[Short text fragments from websites]

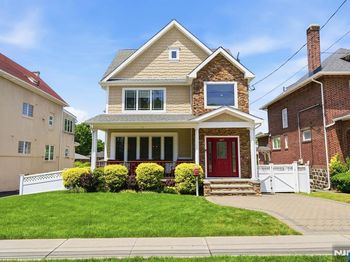 1077 Anderson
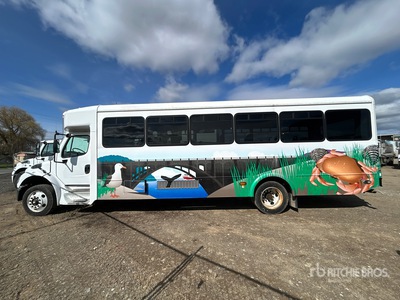 2014 Freightliner M2 106 4x2 28-Seat Bus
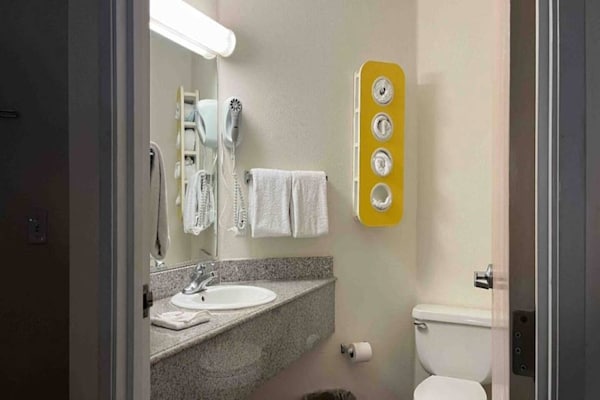 Foto van 2 tweepersoonsbedden | Rookvrij, Keuken - Vakantiehuis in Las Cruces - BathRoom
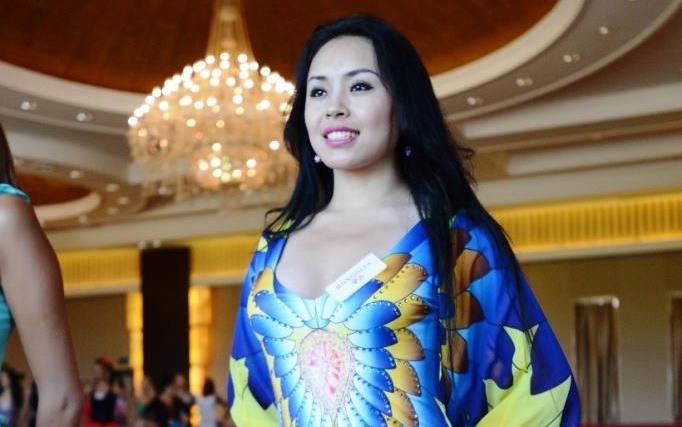 Х.Баярмаа: Би жүжгийн зохиол орчуулдаг. Одоо гурав дахь зохиолоо орчуулж байна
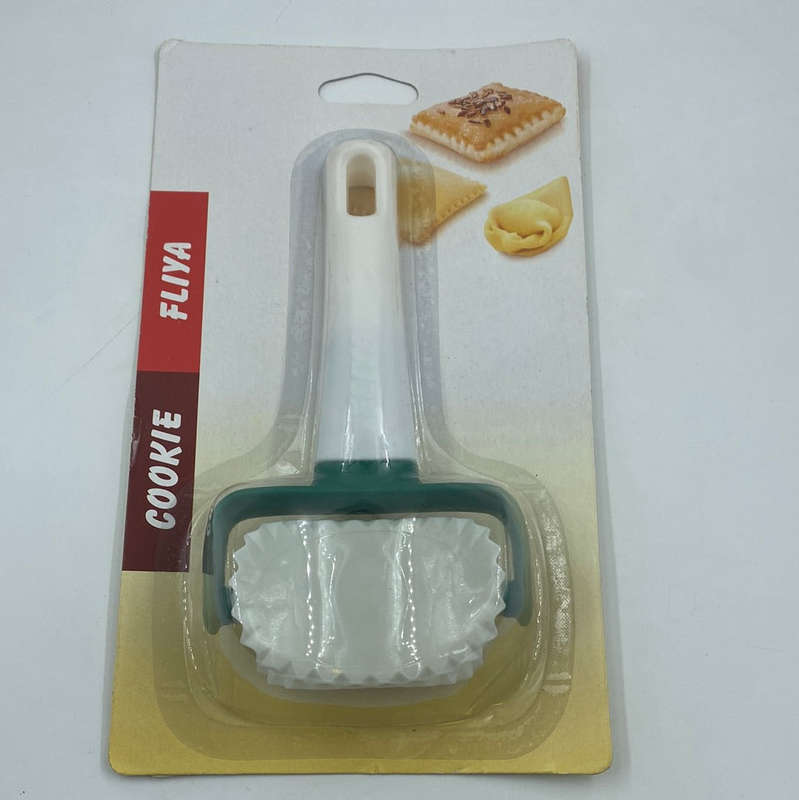 Biscuit Roller cutter B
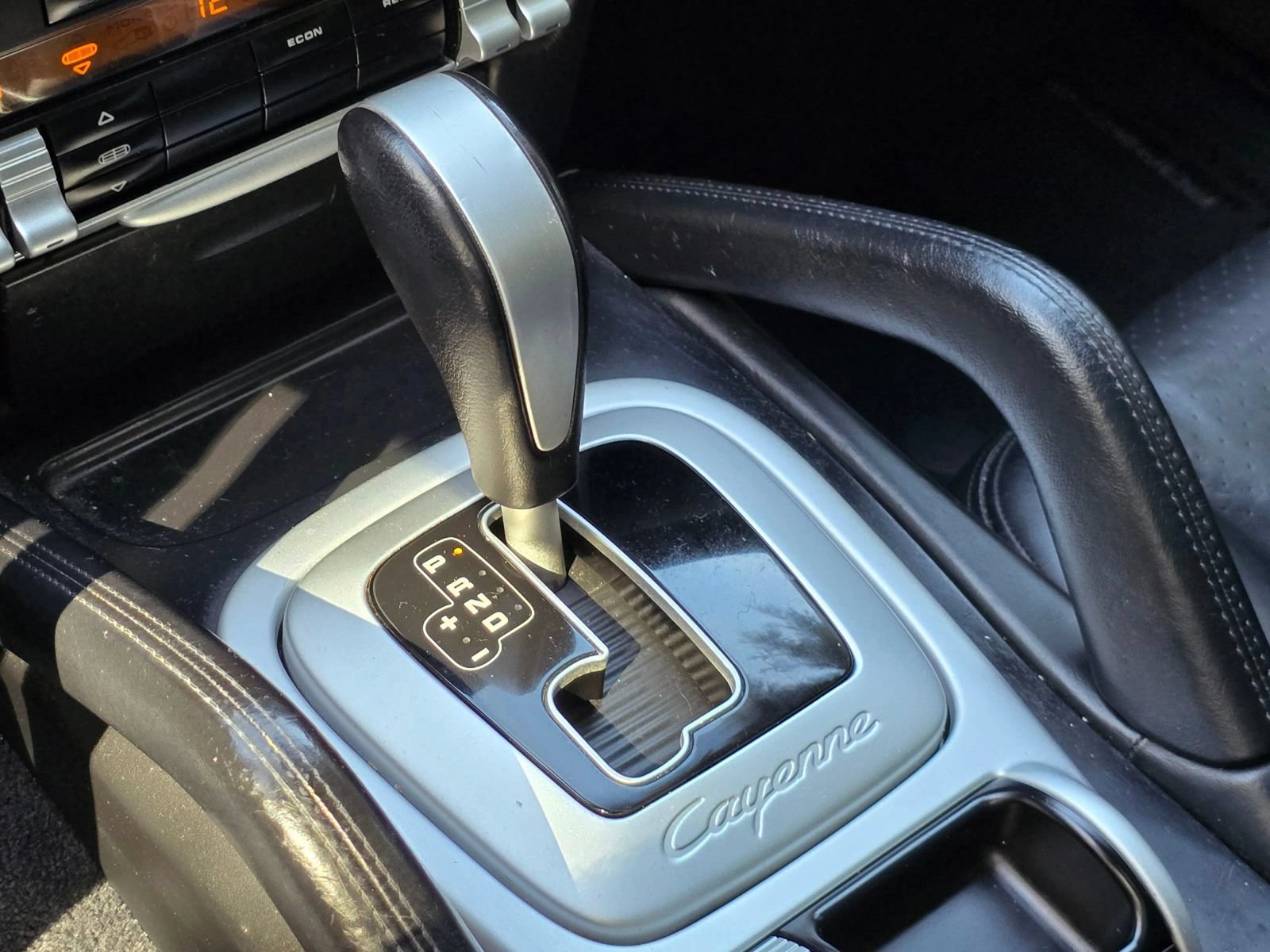 Used 2004 Porsche Cayenne S AWD/4WD image 32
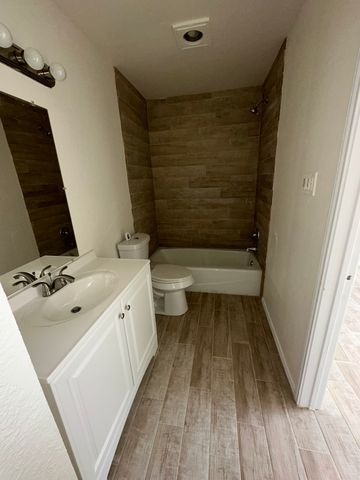 935 Fairbanks Circle, Duncanville, TX 75137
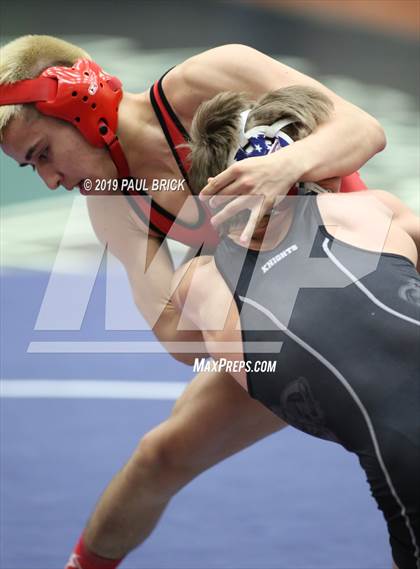 Thumbnail 1 in UIL 4A/5A Regional Wrestling Championships photogallery.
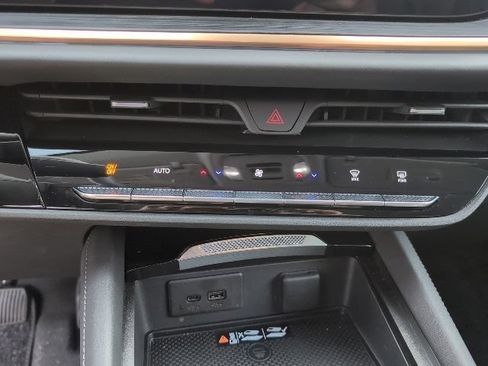 Used 2025 Buick Envision Avenir AWD/4WD image 22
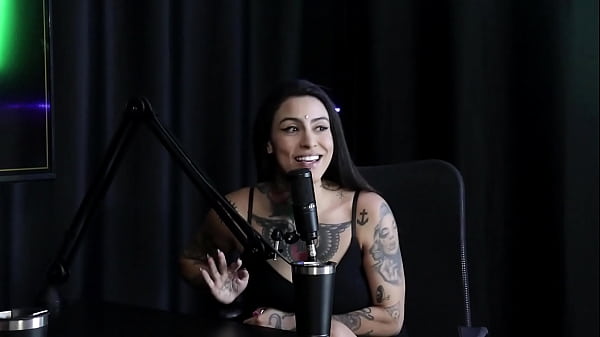 Pretty sexy Teen Girl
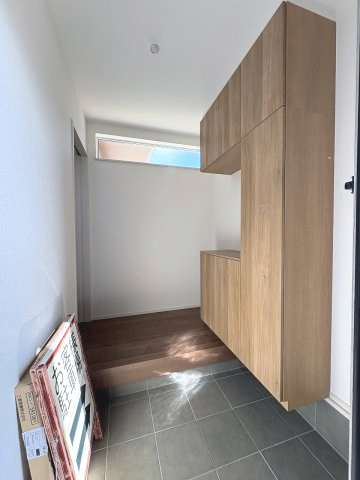 【居間・リビング】 | 大野城市第3緑ヶ丘4丁目　1号棟（全1棟）【仲介手数料無料・0円】 | 現地写真。リビングです。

▶ _To do_
From the opening line of the entries, copy each line exactly until the line with "Pretty sexy Teen Girl", which is copied as well; leave out pictures.

▶ _Solution to the problem_
 1077 Anderson
 2014 Freightliner M2 106 4x2 28-Seat Bus
 Foto van 2 tweepersoonsbedden | Rookvrij, Keuken - Vakantiehuis in Las Cruces - BathRoom
 Х.Баярмаа: Би жүжгийн зохиол орчуулдаг. Одоо гурав дахь зохиолоо орчуулж байна
 Biscuit Roller cutter B
 Used 2004 Porsche Cayenne S AWD/4WD image 32
 935 Fairbanks Circle, Duncanville, TX 75137
 Thumbnail 1 in UIL 4A/5A Regional Wrestling Championships photogallery.
 Used 2025 Buick Envision Avenir AWD/4WD image 22
 Pretty sexy Teen Girl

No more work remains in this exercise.